C’est que les mouvements sociaux accusent là-bas un fort retard sur nombre des pays voisins, la responsabilité en incombant à moitié au guérilleros sanglants (et forts peu sympathiques, plus narco-trafiquants que révolutionnaires) du Sentier Lumineux et aux pouvoirs réactionnaires qui se sont succédés à la tête du pays (Fujimori powa) :
Au Pérou, dans les années 1970, la politique nationale-populaire du gouvernement du général Velasco, la formation d’organisations indiennes en Amazonie (regroupées dans l’Association interethnique de développement de la forêt péruvienne, AIDESEP) et les mobilisations paysannes indiennes dans les Andes avaient débouchés sur d’importantes récupérations de terres et de territoires. Cette dynamique a été balayé dans les années 1990 par la lutte pour le pouvoir que Sentier Lumineux et l’état se sont livrés sur le dos des secteurs les plus déshérités de la population.
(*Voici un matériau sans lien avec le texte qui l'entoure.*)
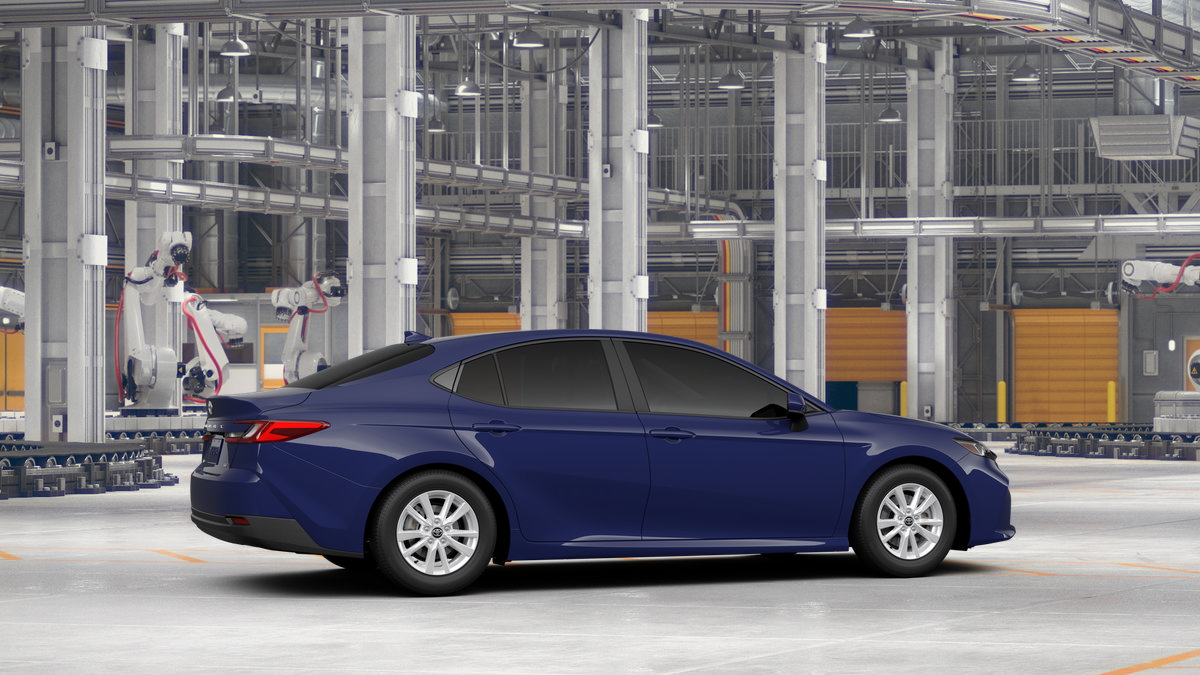 New 2026 Toyota Camry LE FWD image 11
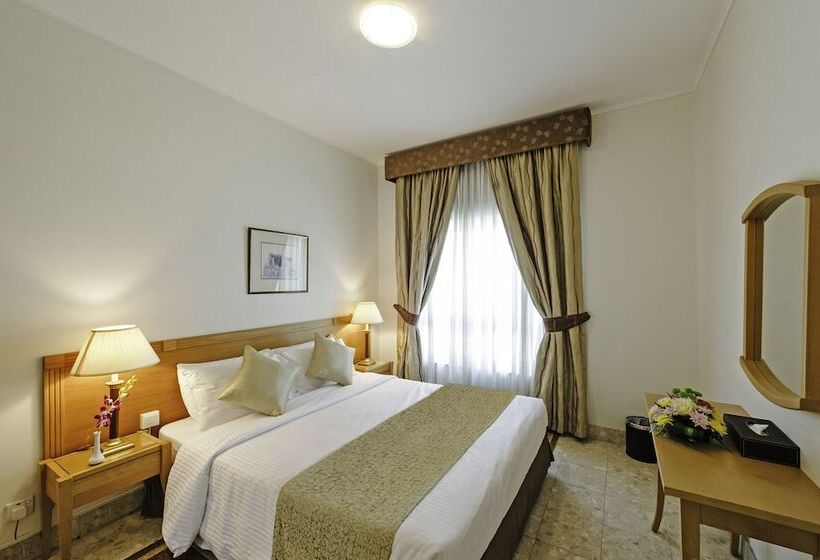 Fotos del hotel Al Bustan Centre & Residence:  9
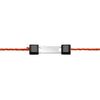 Ako Wire Connector Litzclip 3mm Stainless Steel 10 Pieces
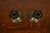 Early 20th Century Heintz Arts & Crafts Sterling Silver on Bronze Candlesticks, Pair For Sale - Image 5 of 13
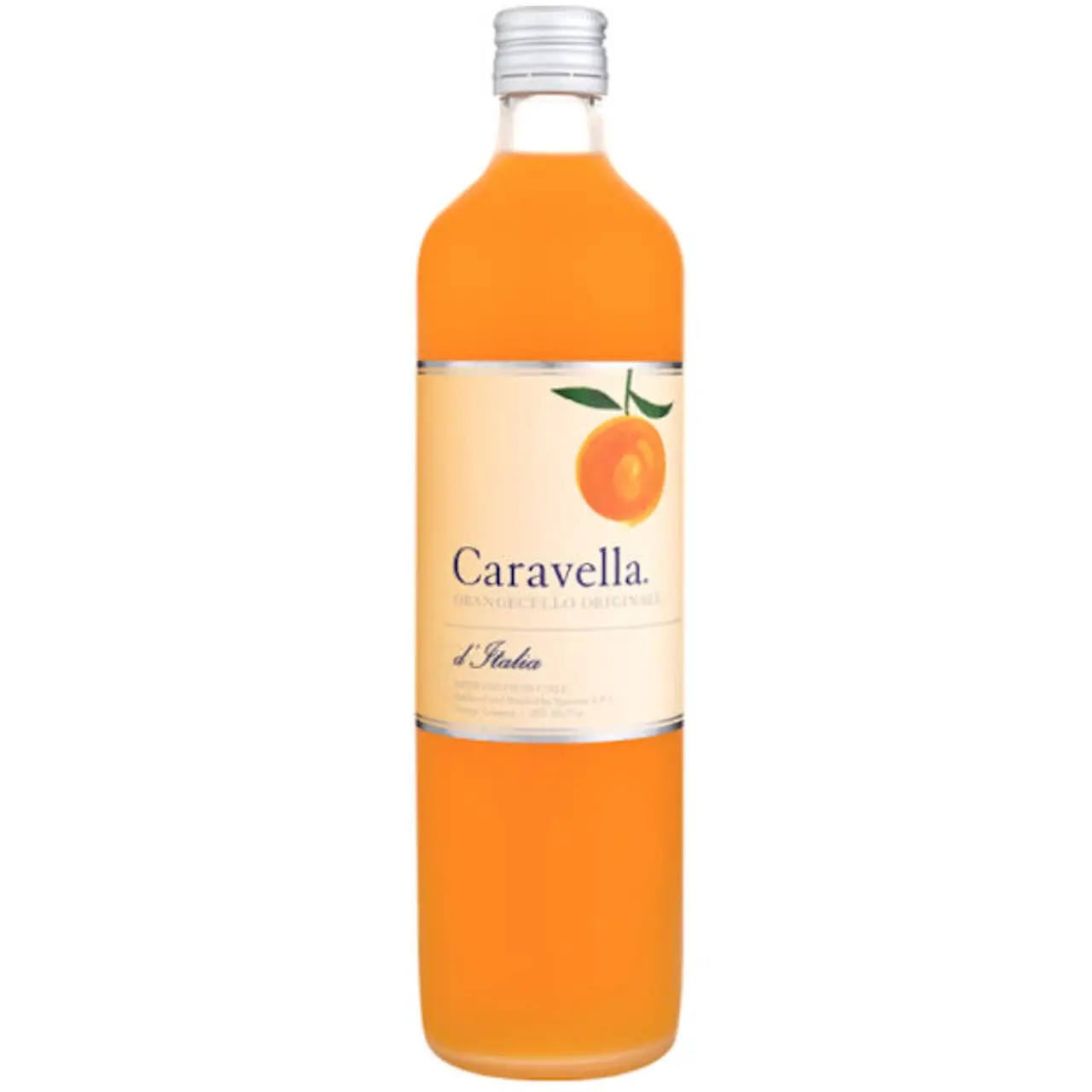 CARAVELLA ORANGELLO 750M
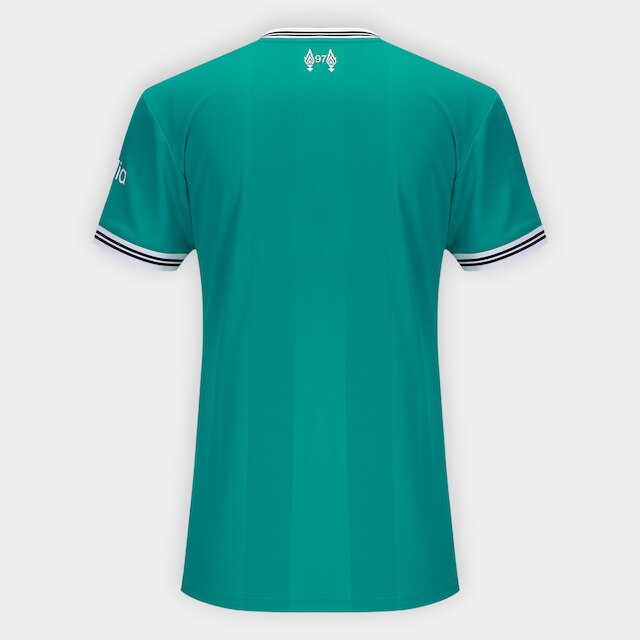 Camisa Liverpool Third 25/26 s/n Torcedor Adidas Feminina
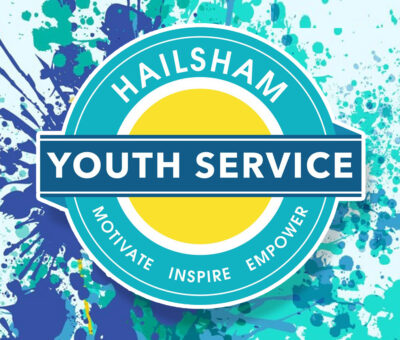 Artwork - Hailsham Youth Service logo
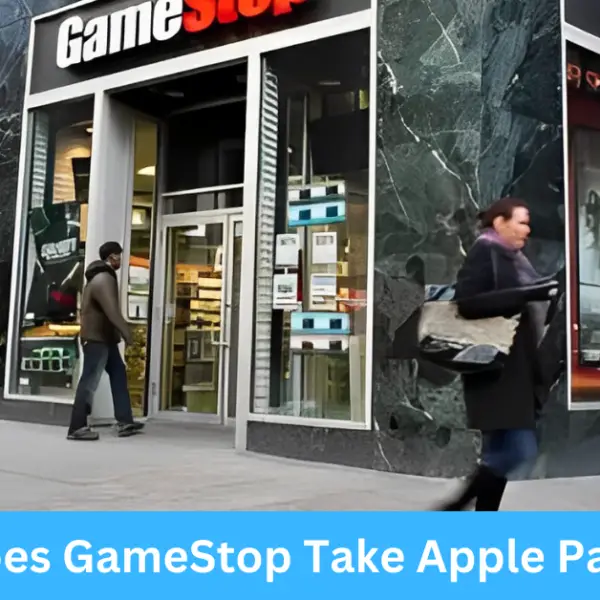 Does GameStop Take Apple Pay?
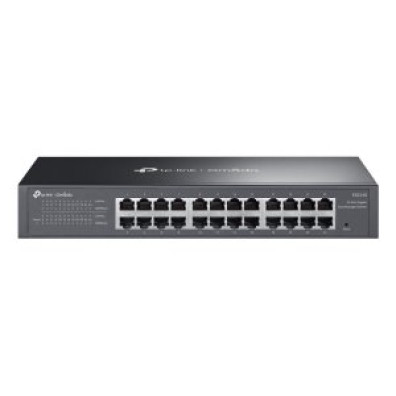 Switch TP-Link Omada ES224G Semigestionável 24 Portos Gigabit LAN Metal
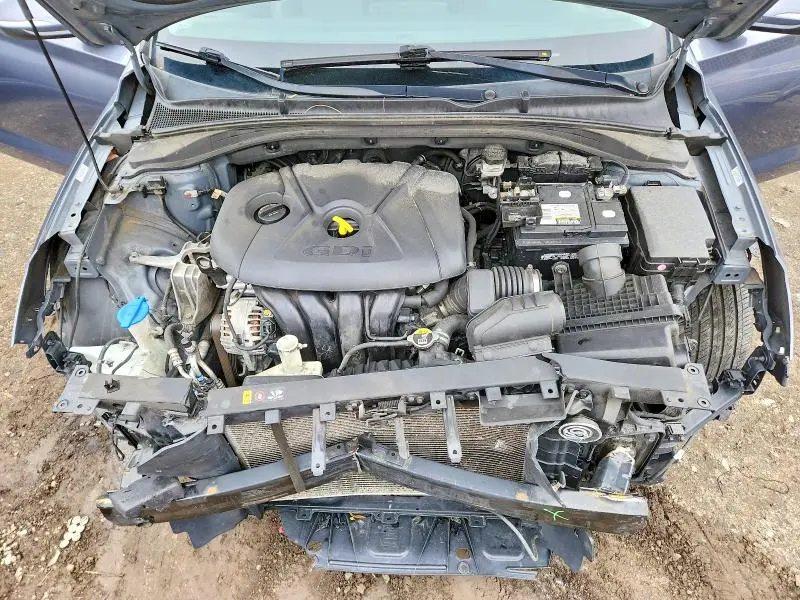 2019 HYUNDAI ELANTRA GT BASE  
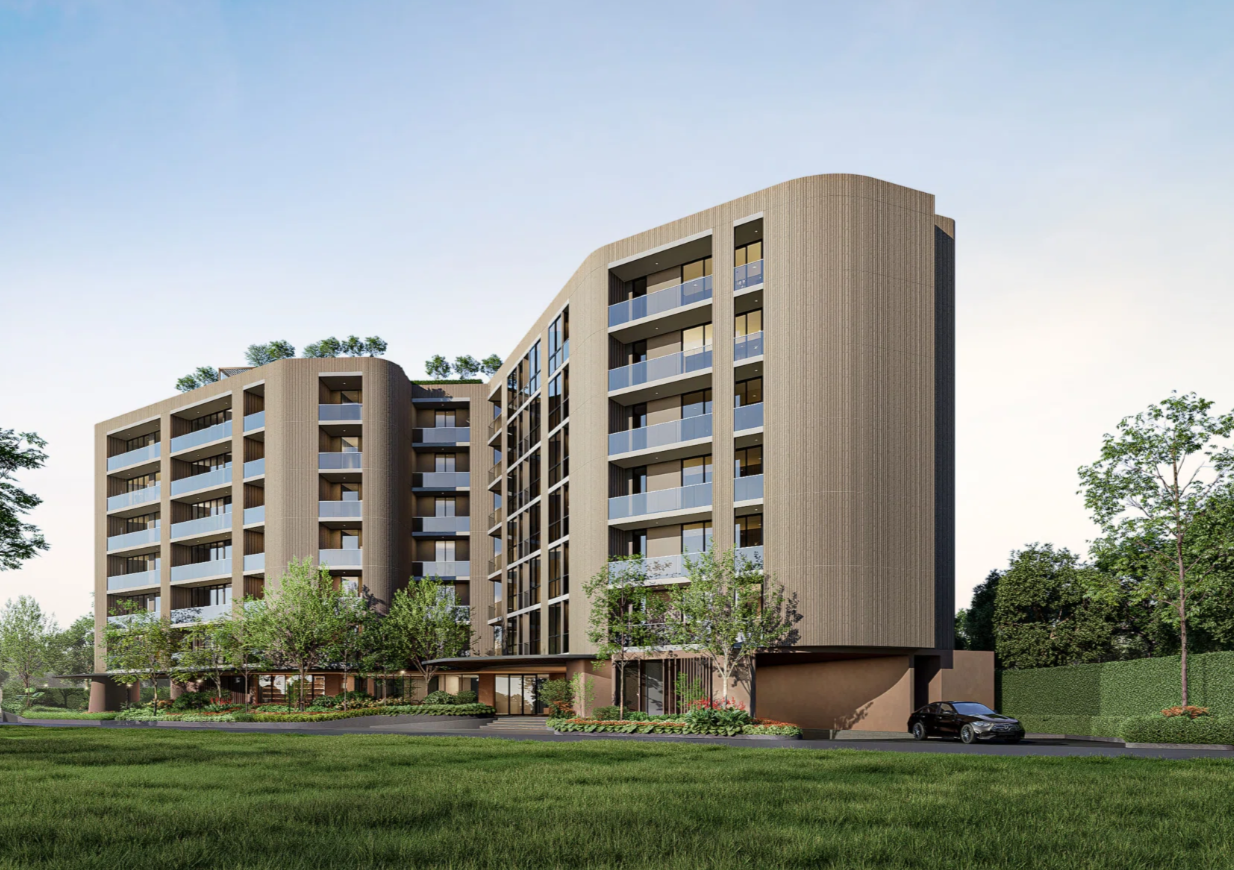 Квартира на Пхукете, Таиланд, 26 м² - фото 5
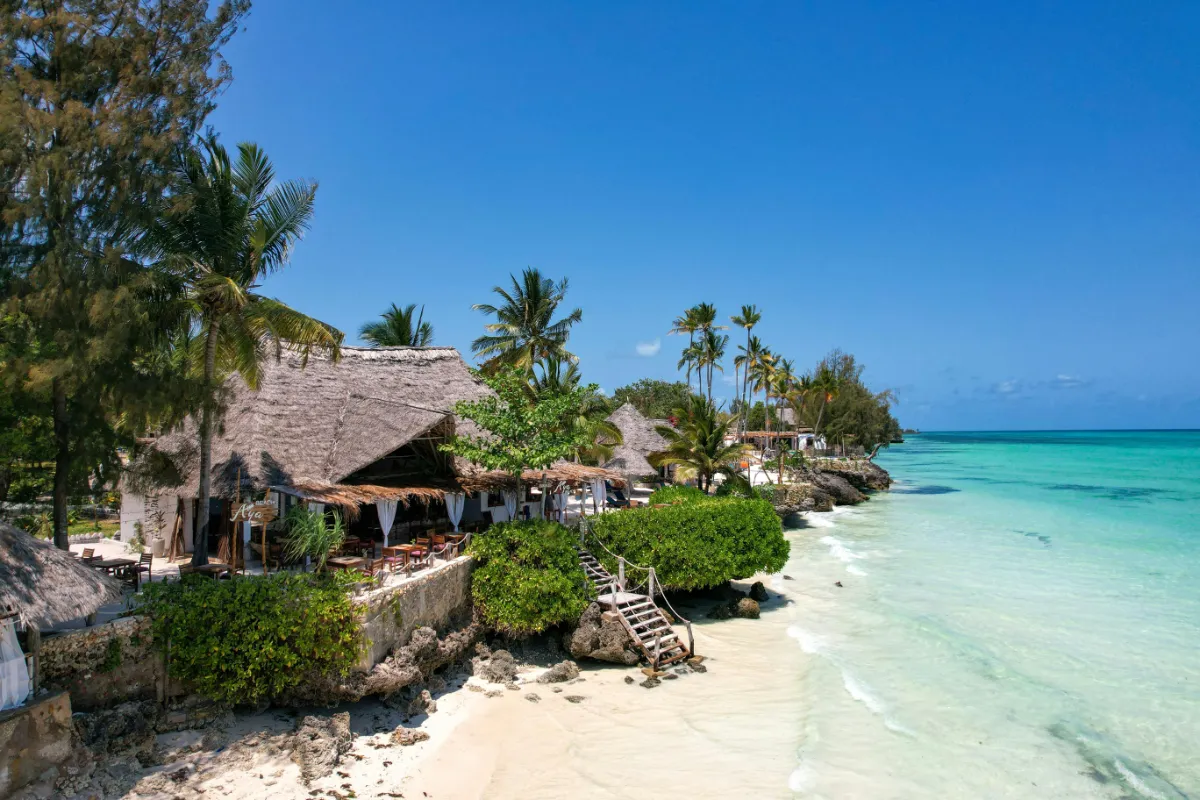 Beste Reisezeit Sansibar - Klimadiagramm und Wetterdaten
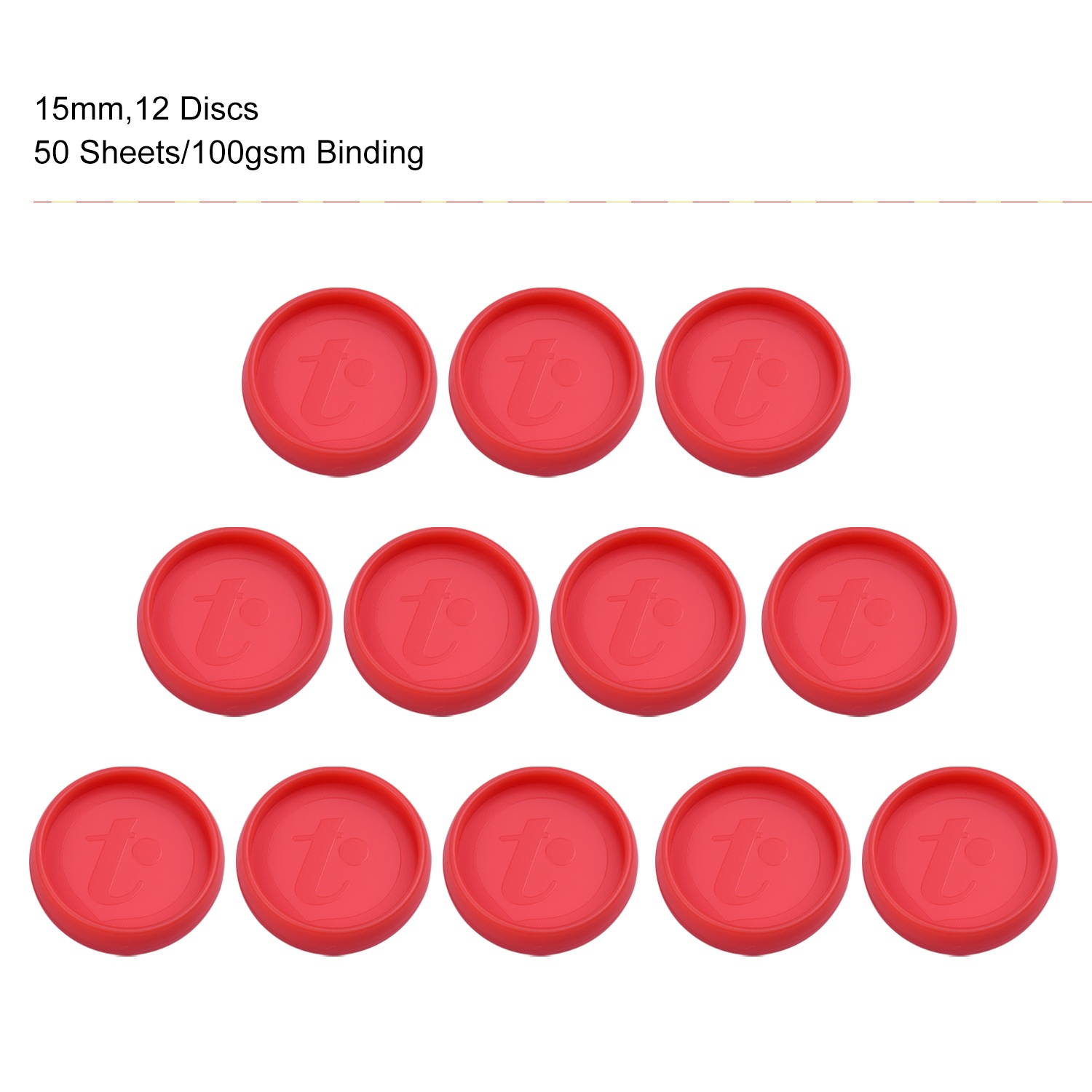 Pyramid 43079 Genuine Replacement Ribbon for 2500 & 2650Pro Time Clocks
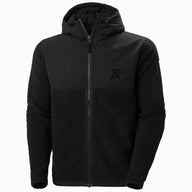 Chaqueta Chiporro de hombre ademan Pile Negro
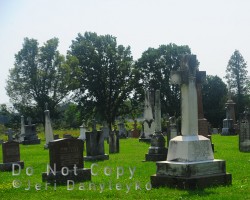 The Roman Catholic Cemetery Cemetery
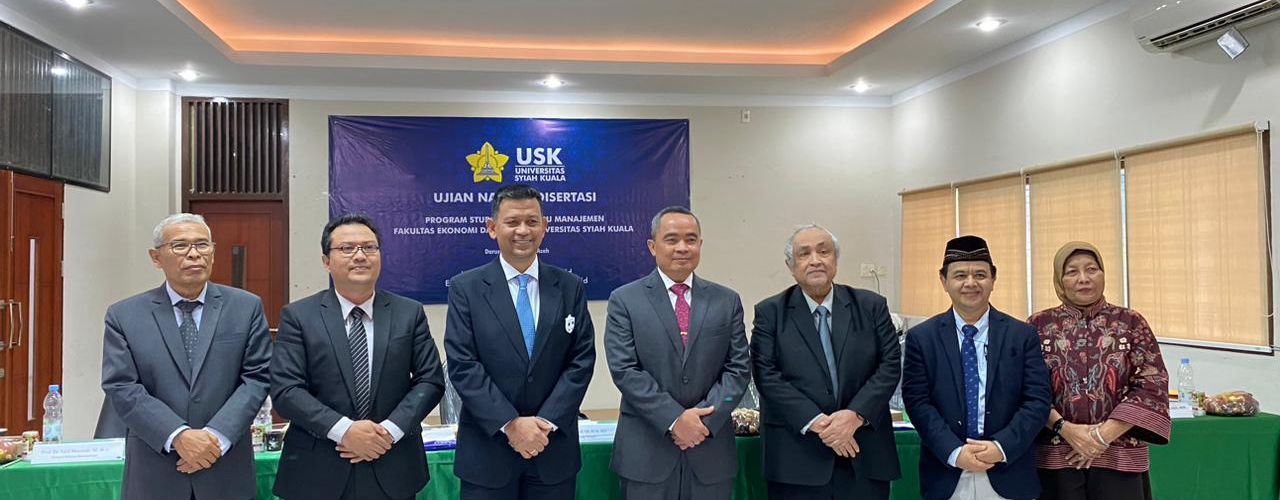 Ujian Naskah Disertasi an. Teguh Arief Indratmoko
Dans ce désert contestataire, les premières velléités de rébellion ont donc été très tardives. Yvon le Bot, encore lui (son livre est une mine), le rappelait : « Ce n’est que récemment, en 2008, que l’on a vu ressurgir, en Amazonie […] de fortes mobilisations qui ont mis en échec les mesures du gouvernement d’Alan Garcia visant à privatiser les terres. »
La rébellion victorieuse des indiens de la Selva (la partie péruvienne de la forêt amazonienne) guidés par leur leader Alberto Pizango (à la tête de l’AIDESEPS) est donc une très bonne nouvelle, le signe d’une volonté d’en finir avec les concessions et le défaitisme. Le recul du gouvernement d’Alan Garcia, revenant finalement sur les deux décrets les plus contestés (ceux qui ouvraient tout grand l’amazonie péruvienne aux intérêts de grands groupes privés (bois, mines, pétroles) déjà très présents dans la place), est tout sauf anodin. La lutte est loin d’être terminée, mais les indiens du Pérou ont démontré qu’ils comptaient bien s’inscrire dans ce mouvement de fond qui contribue à faire de l’Amérique Latine le continent porteur d’espoir d’une humanité découragée. Comme le soulignait TGB dans le très bon rue Affre, ici : « Car s’il est un espoir de changement quelque part, c’est bien ce retour de l’indianité et de leurs représentants, luttant pour recouvrir terres, droits et maîtrise de leur destin et arrachant peu à peu les pouvoirs exorbitants des mains des colonisateurs. Une juste revanche sur le génocide indien. » Pas mieux…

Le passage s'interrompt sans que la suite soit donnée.